L'accantonamento dell'opzione militare, se da una parte scongiura il pericolo di una nuova guerra regionale, dall'altra parte avrà pessime ripercussioni immediate sui Territori Occupati. L'attenzione dei media israeliani si è infatti prontamente spostata da Teheran al lancio di razzi Qassam da Gaza, ribattezzati subito la nuova “minaccia esistenziale.” Mentre i razzi artigianali palestinesi continuano a piovere a ritmo di dozzine alla settimana, cadendo per lo più nel deserto del Negev, l'aviazione israeliana ha ripreso in grande stile gli attacchi aerei mirati ai leader della Jihad Islamica e di Hamas. Al ritmo di cinque-dieci assassini al giorno, i missili israeliani non mancano mai l'obiettivo.

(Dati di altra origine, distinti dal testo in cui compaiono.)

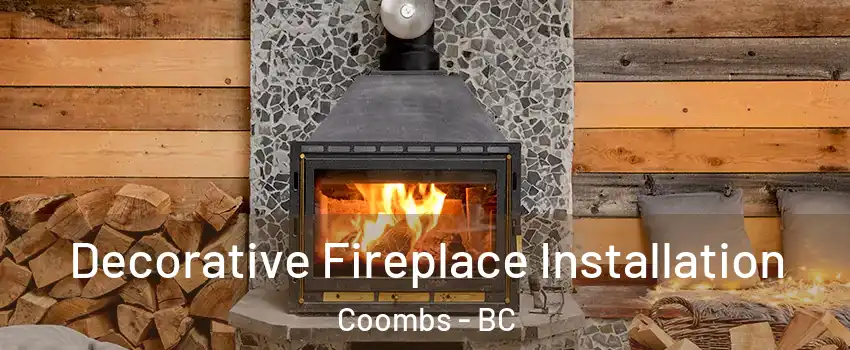  Decorative Fireplace Installation Coombs - BC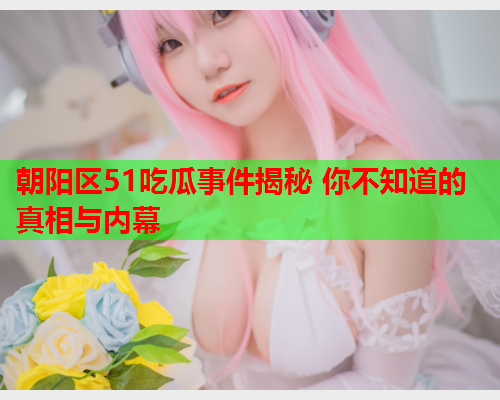 朝阳区51吃瓜事件揭秘 你不知道的真相与内幕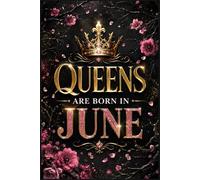 Queens are Born in June: Birthday Gifts for Women, Mom, Sister, Wife, Girlfriend... | Personalized Notebook Journal With Unique Design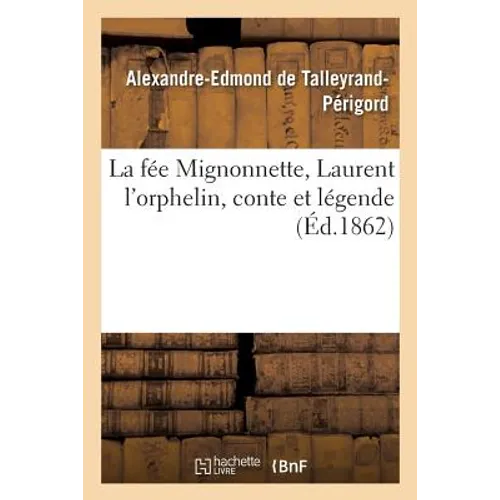 La Fée Mignonnette, Laurent l'Orphelin, Conte Et Légende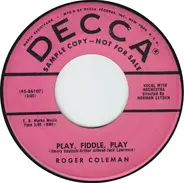 Roger Coleman - Play, Fiddle, Play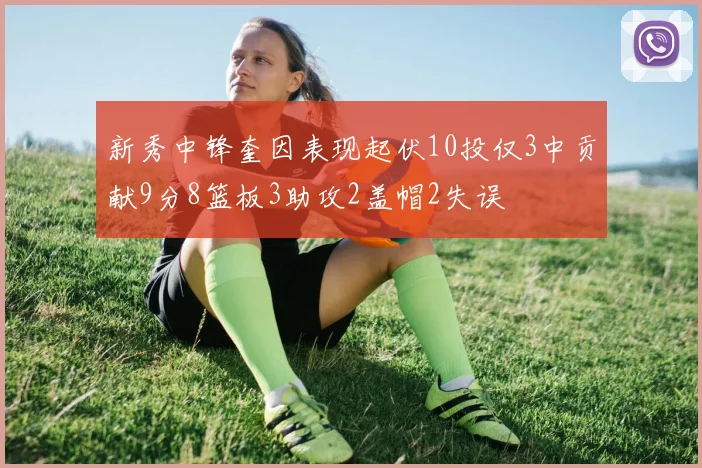 新秀中锋奎因表现起伏10投仅3中贡献9分8篮板3助攻2盖帽2失误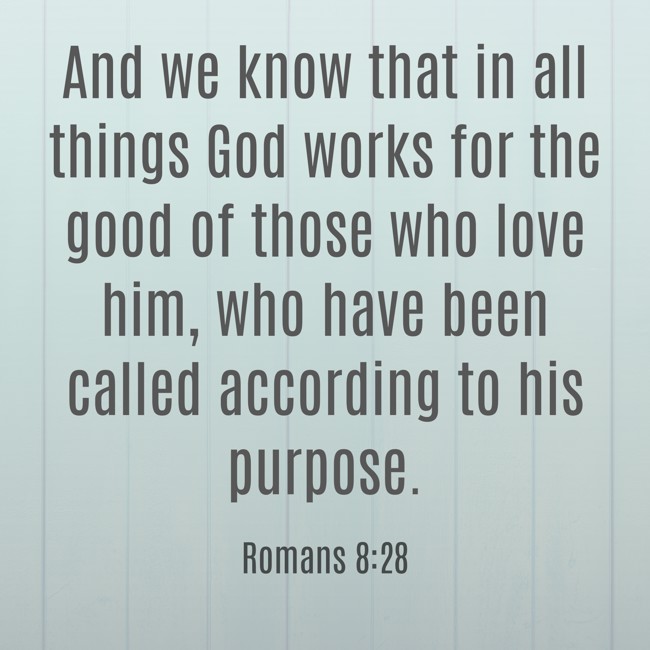 And we know that in all things God works for the good of those who love him, who have been called according to his purpose. - Romans 8:28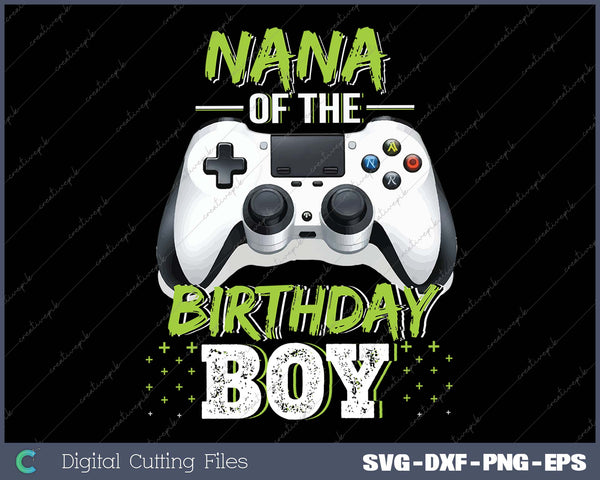 Nana of the Birthday Boy Matching Video Game Birthday Gift 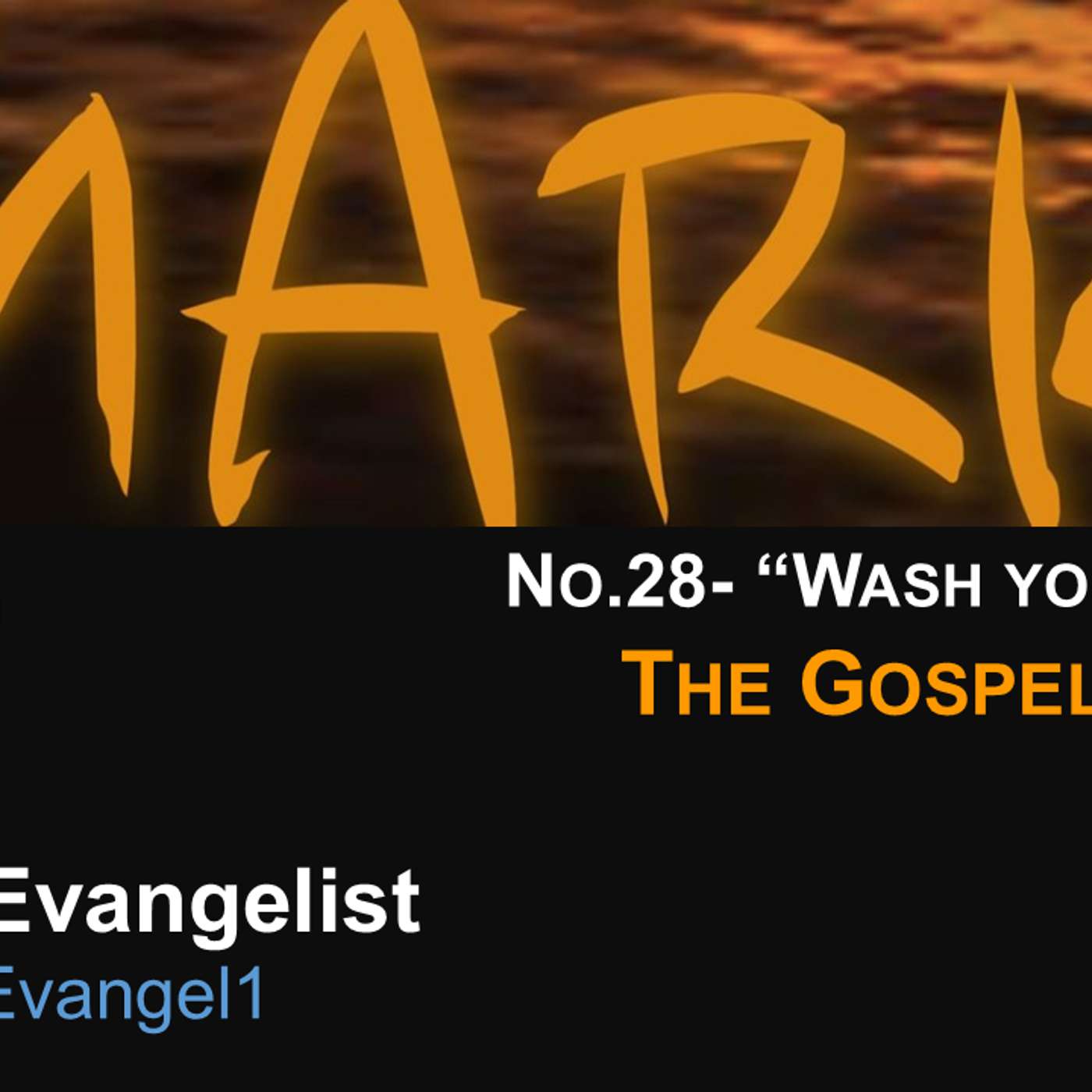 #MarkTheEvangelist (Gospel of Mark) No.28- Wash Your Hands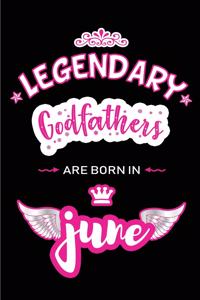 Legendary Godfathers are born in June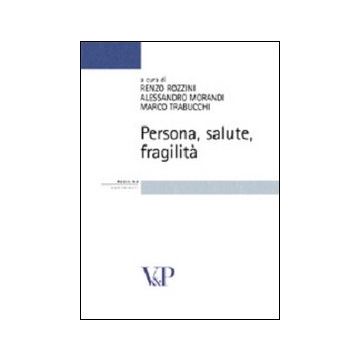 Persona, salute, fragilità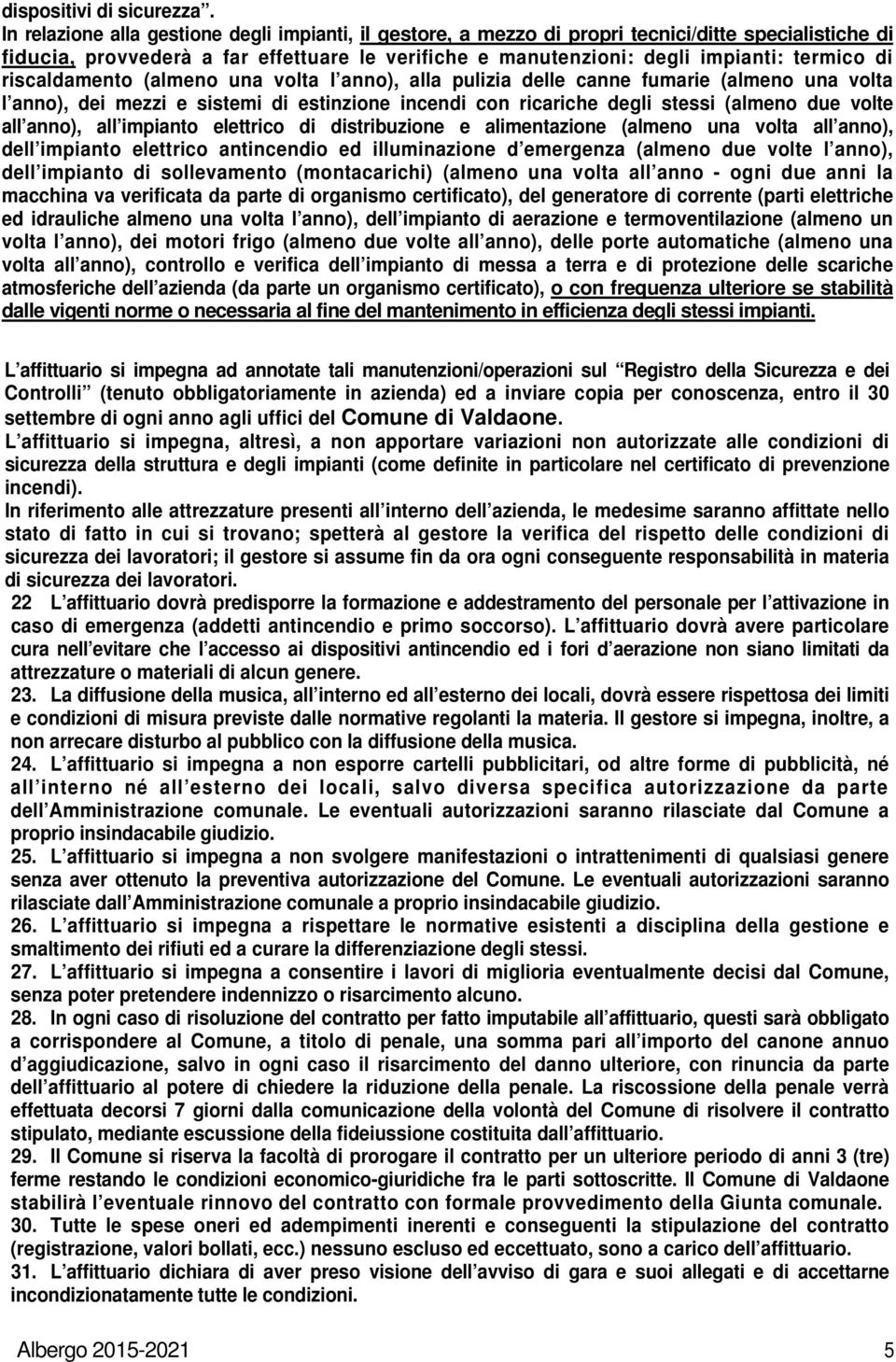 riscaldamento (almeno una volta l anno), alla pulizia delle canne fumarie (almeno una volta l anno), dei mezzi e sistemi di estinzione incendi con ricariche degli stessi (almeno due volte all anno),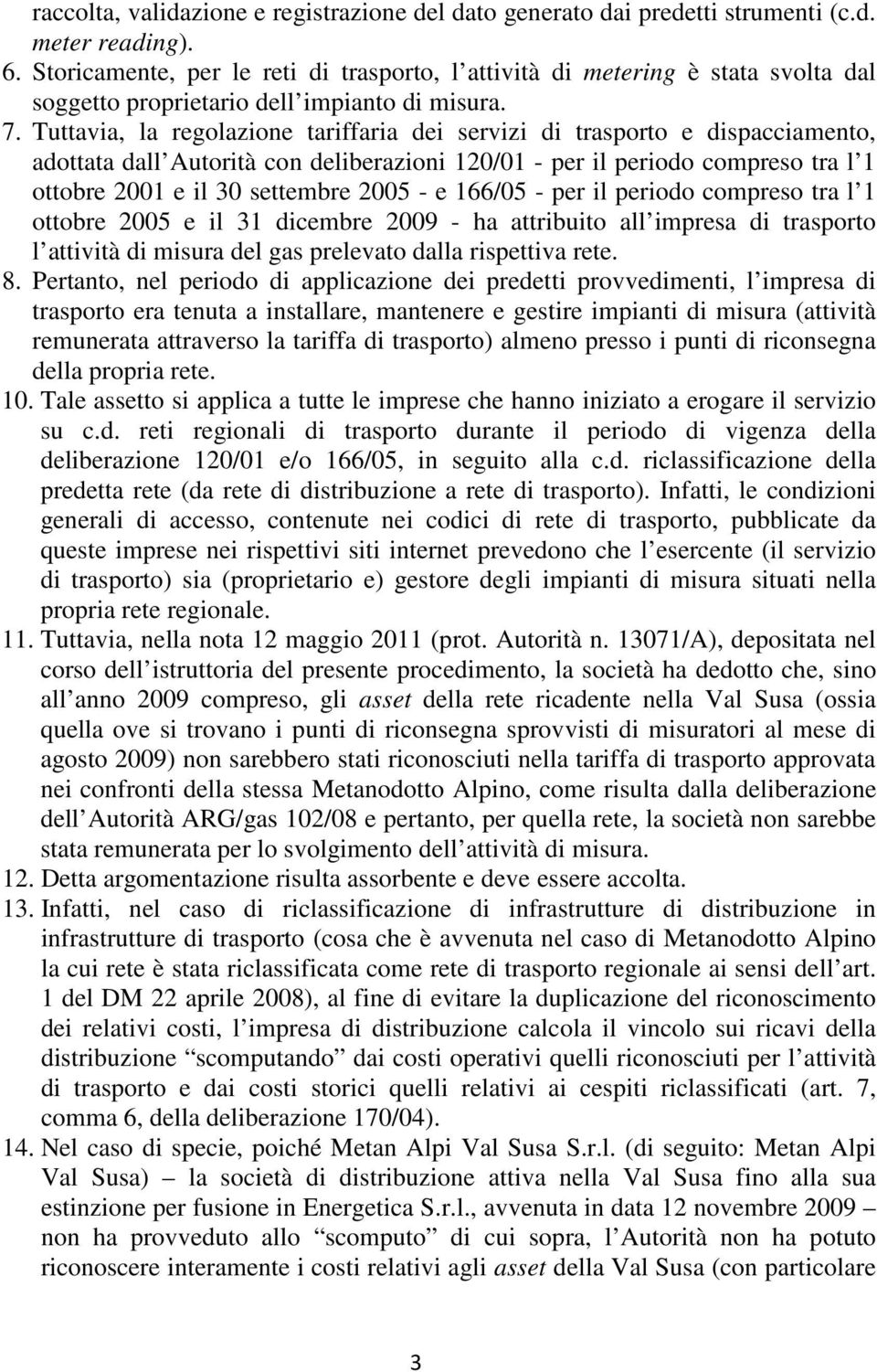 Tuttavia, la regolazione tariffaria dei servizi di trasporto e dispacciamento, adottata dall Autorità con deliberazioni 120/01 - per il periodo compreso tra l 1 ottobre 2001 e il 30 settembre 2005 -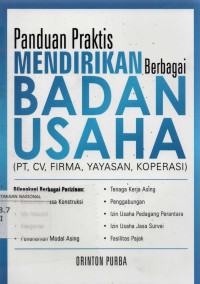 Panduan Praktis Mendirikan Berbagai Badan Usaha ( PT, CV, FIRMA, YAYASAN, KOPERASI)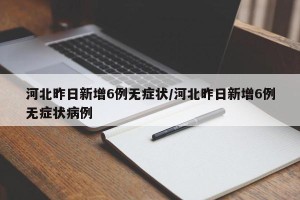 河北昨日新增6例无症状/河北昨日新增6例无症状病例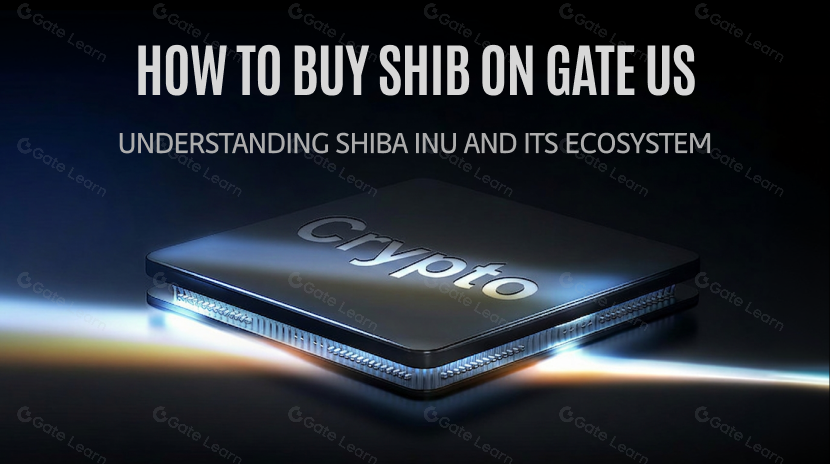 How to Buy SHIB on Gate US: Understanding Shiba Inu and Its Ecosystem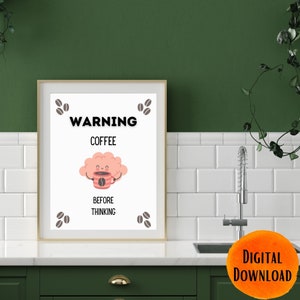 Kitchen Printable Wall Art | Coffee Wall Art | Kitchen Digital Print | Funny Kitchen Art | Kitchen Digital Print | Coffee Lover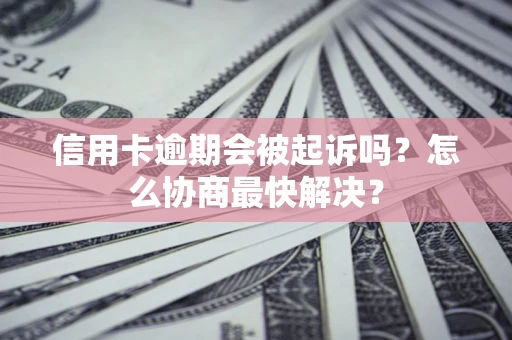 济南信用卡逾期会被起诉吗？怎么协商最快解决？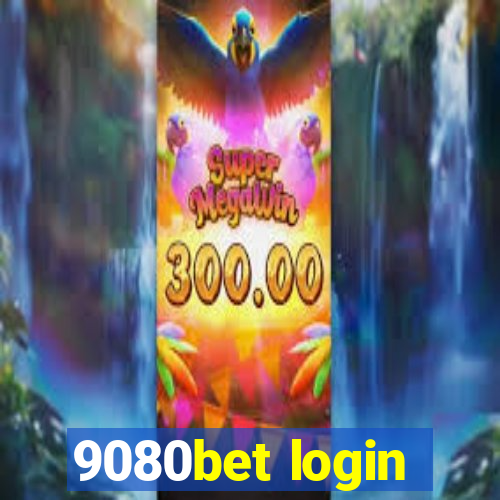 9080bet login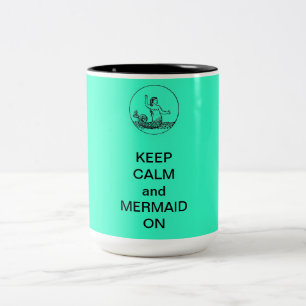 KEEP CALM AND MERMAID ON Two-Tone COFFEE MUG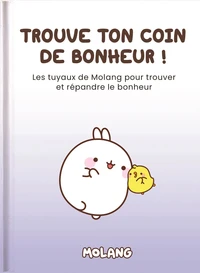 Trouve ton coin de bonheur !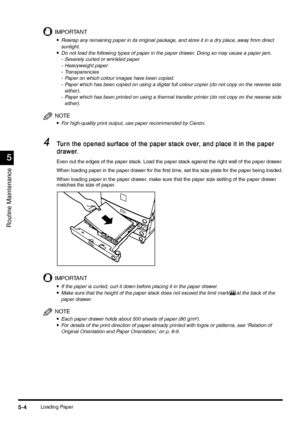 Page 190Loading Paper5-4
5-45-4 5-4
5
55 5
Routine Maintenance
IMPORTANT
•
•• •Rewrap any remaining paper in its original package, and store it in a dry place, away from direct 
sunlight.
•
•• •Do not load the following types of paper in the paper drawer. Doing so may cause a paper jam.
- Severely curled or wrinkled paper
- Heavyweight paper
- Transparencies
- Paper on which colour images have been copied.
- Paper which has been copied on using a digital full colour copier (do not copy on the reverse side...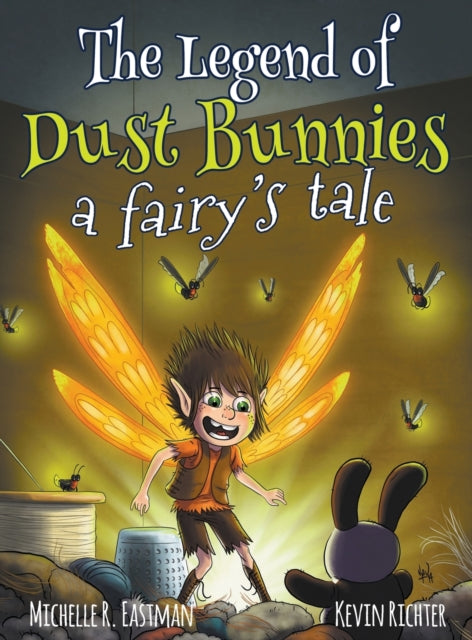 Book cover of: Legend of Dust Bunnies, a Fairy's Tale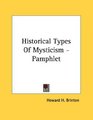 Historical Types Of Mysticism  Pamphlet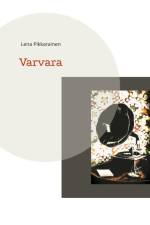 Varvara Schantin af Lena Pikkarainen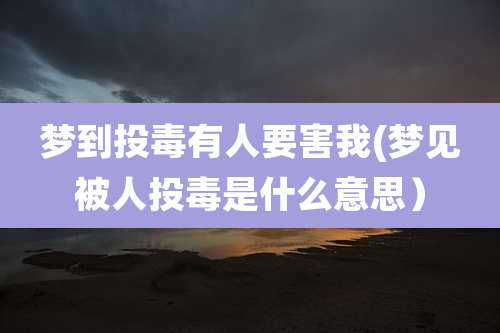 梦到投毒有人要害我(梦见被人投毒是什么意思)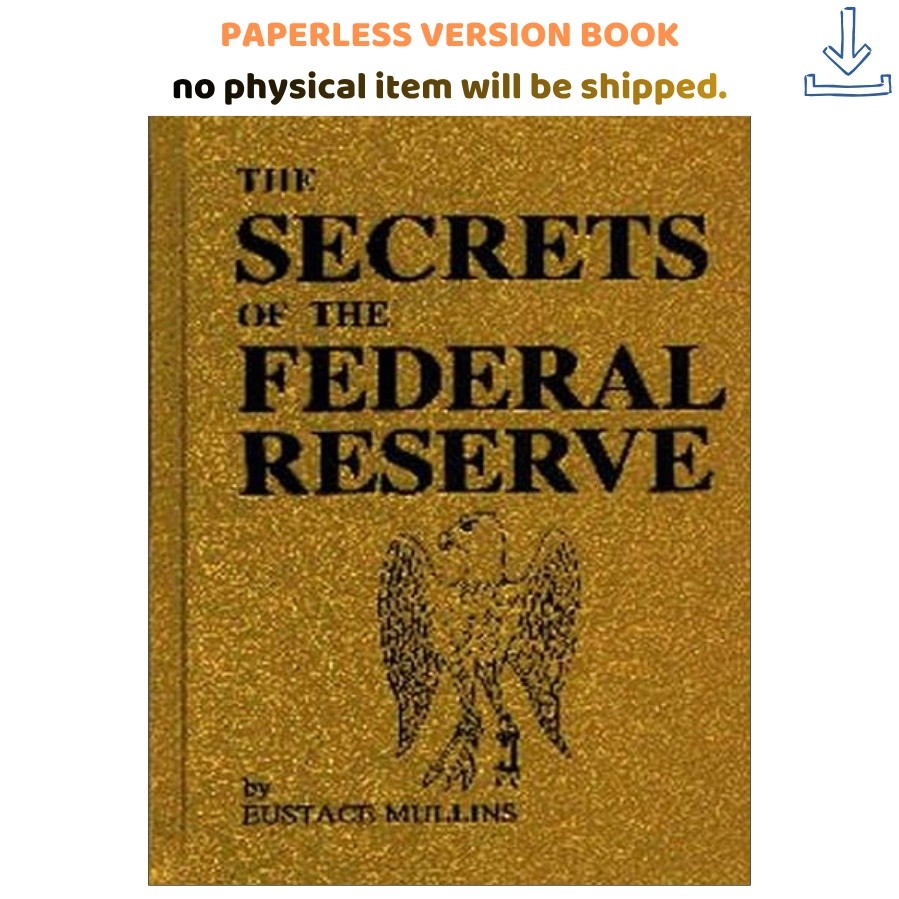 The Secrets of the Federal Reserve, Eustace Clarence Mullins 2026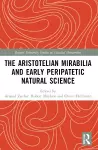 The Aristotelian Mirabilia and Early Peripatetic Natural Science cover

Ehud Barak e i vertici dell'esercito stanno preparando una rioccupazione in forze della Striscia, per fermare il lancio di Qassam, che le incursioni giornaliere dei blindati dell'IDF nella Striscia non riescono evidentemente a contrastare. Una dimostrazione di forza, del tutto inefficace sul piano militare, sarebbe l'unico modo per risollevare i favori del governo Olmert, in grossa difficoltà nei sondaggi.

Il tempismo con cui la CIA ha deciso di entrare a gamba tesa nel dibattito sull'Iran fa pensare che, come confermato dalla Livni, il conto alla rovescia per un attacco di Bush-Olmert fosse già partito. Evidentemente, una parte degli apparati militari americani, in forte contrasto con l'amministrazione Bush per la gestione dell'occupazione irachena, ha deciso di tentare una mossa a sorpresa. L'esito è sicuramente ben riuscito: sgonfiando pubblicamente la minaccia iraniana, il consenso internazionale ad un'azione militare si è istantaneamente volatilizzato. Non solo a Teheran, ma anche a Washington ci sono alcuni apparati che ragionano in termini di costi-benefici, a differenza dell'amministrazione Bush.

In un momento in cui le pressioni della lobby israeliana sulla politica estera americana sono al centro del dibattito politico americano, questo inusuale contrasto potrebbe essere un primo tentativo di sganciare gli USA dalla politica aggressiva di Tel Aviv. In questo caso evidentemente i costi di un attacco all'Iran sarebbero altissimo per gli americani impantanati in Iraq, mentre per Israele si tratta di una questione esistenziale e dunque non negoziabile. Sarà interessante scoprire le carte dei regimi sunniti alleati di Washington, in particolare dell'Arabia Saudita, impegnata in Iraq in una guerra sporca di attrito con Teheran per il controllo del Golfo.

L'altro lato della medaglia è l'uscita allo scoperto di Putin, che subito dopo aver letto il rapporto americano annuncia la ripresa delle forniture di uranio arricchito all'Iran. La fornitura era stata sospesa a causa dei mancati pagamenti di Teheran, ma in realtà a causa della delicata situazione diplomatica. Ora nessun ostacolo impedisce a Mosca di completare la costruzione della prima centrale nucleare iraniana di Bushehr, che dovrebbe entrare in funzione entro un anno. La capacità delle centrifughe iraniane è ancora molto ridotta, dunque Putin fornirà a Teheran tutto il materiale fissile necessario. In questo modo si rinsalda la stretta alleanza militare ed economica del triangolo Russia-Iran-Siria, in funzione anti-americana nel Golfo, moltiplicando il fallimento della strategia neocon di Bush.